= The problem =
The data below contains pictures, which are to be skipped; the lines starting at the line with "Kit Cubo Frutas" and ending at the line with "Coast black and gold pleated bottom jacket" are to be output exactly, both ends included.

= Data for this exercise =
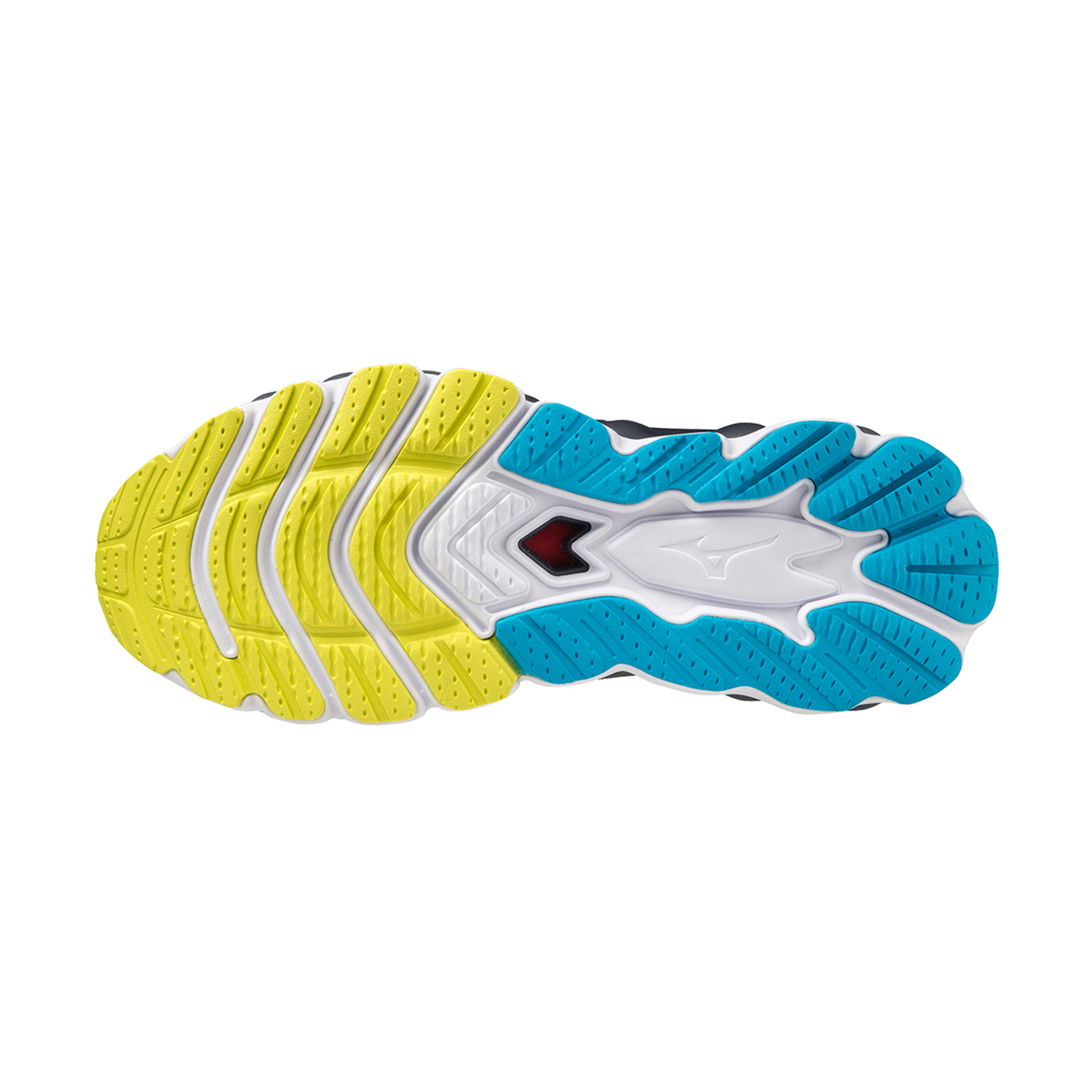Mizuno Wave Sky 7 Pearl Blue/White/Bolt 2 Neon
---
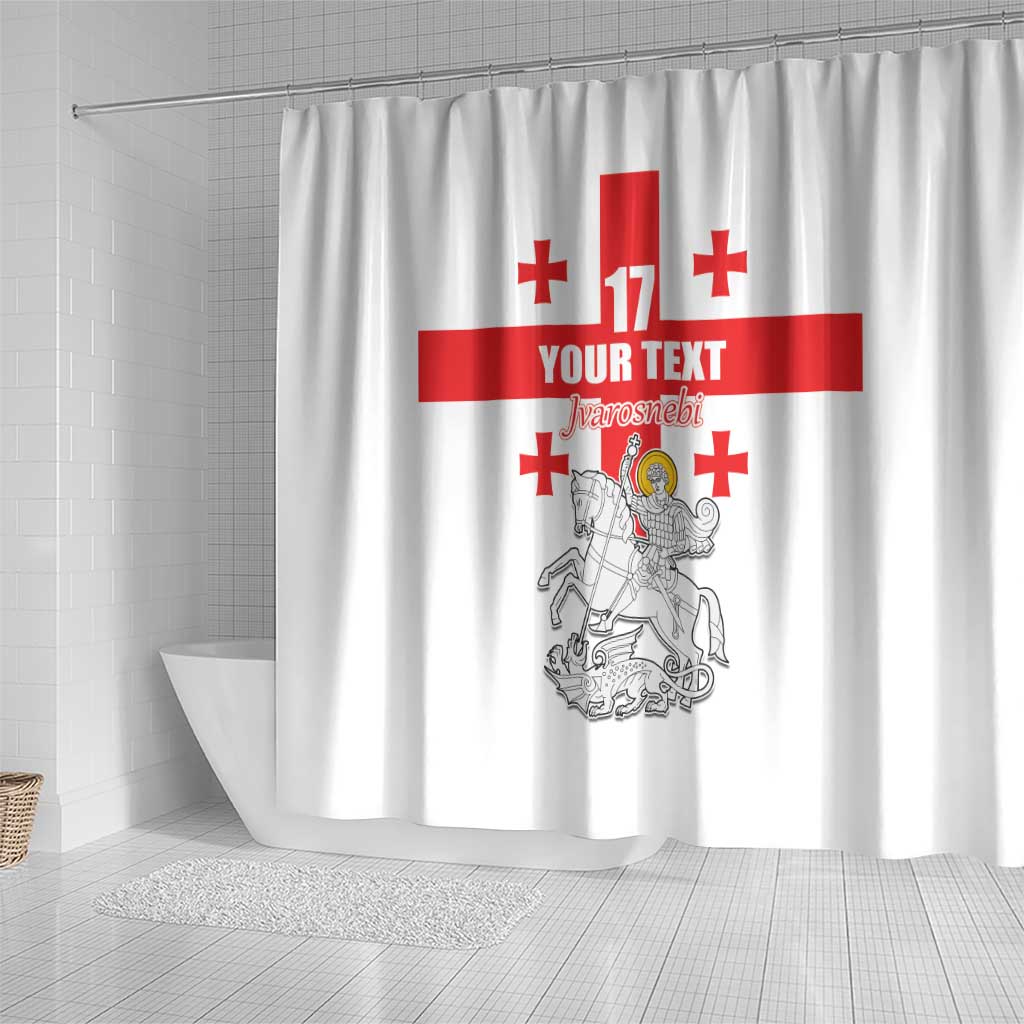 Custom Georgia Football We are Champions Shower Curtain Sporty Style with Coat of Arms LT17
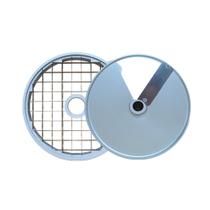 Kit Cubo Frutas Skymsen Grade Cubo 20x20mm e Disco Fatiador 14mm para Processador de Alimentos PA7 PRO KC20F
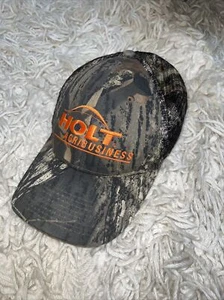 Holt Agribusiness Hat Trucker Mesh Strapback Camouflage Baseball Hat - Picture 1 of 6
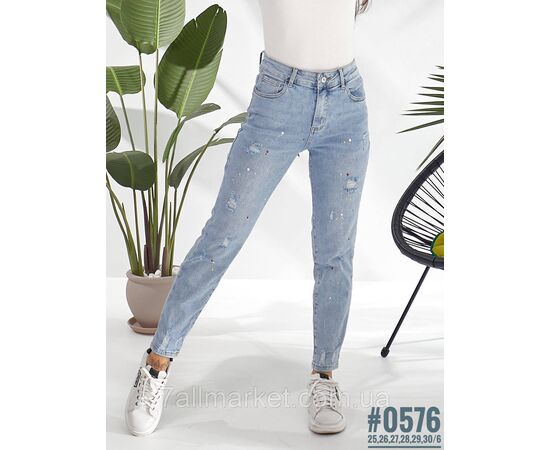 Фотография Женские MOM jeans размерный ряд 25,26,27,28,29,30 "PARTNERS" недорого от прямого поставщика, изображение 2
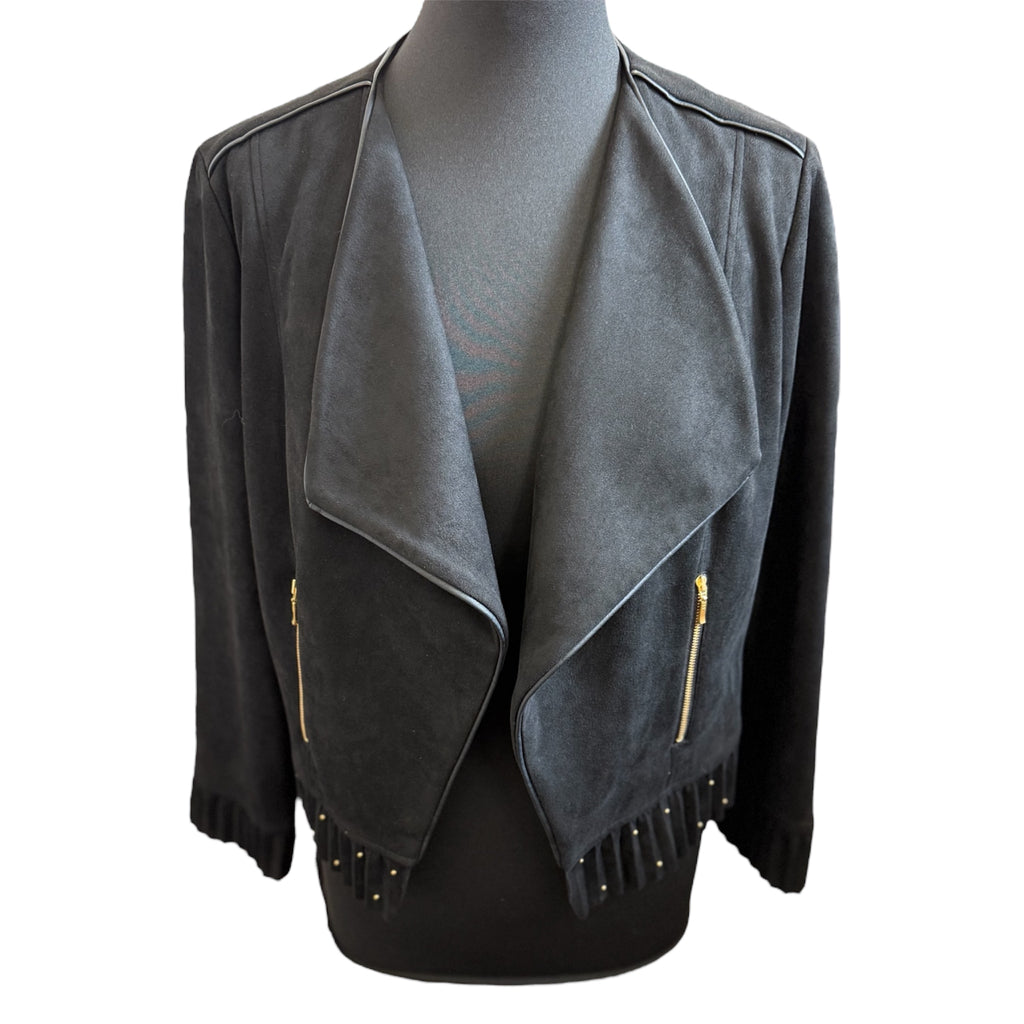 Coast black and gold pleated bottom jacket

= Answer box =
 Kit Cubo Frutas Skymsen Grade Cubo 20x20mm e Disco Fatiador 14mm para Processador de Alimentos PA7 PRO KC20F
 Holt Agribusiness Hat Trucker Mesh Strapback Camouflage Baseball Hat - Picture 1 of 6
 Фотография Женские MOM jeans размерный ряд 25,26,27,28,29,30 "PARTNERS" недорого от прямого поставщика, изображение 2
 Coast black and gold pleated bottom jacket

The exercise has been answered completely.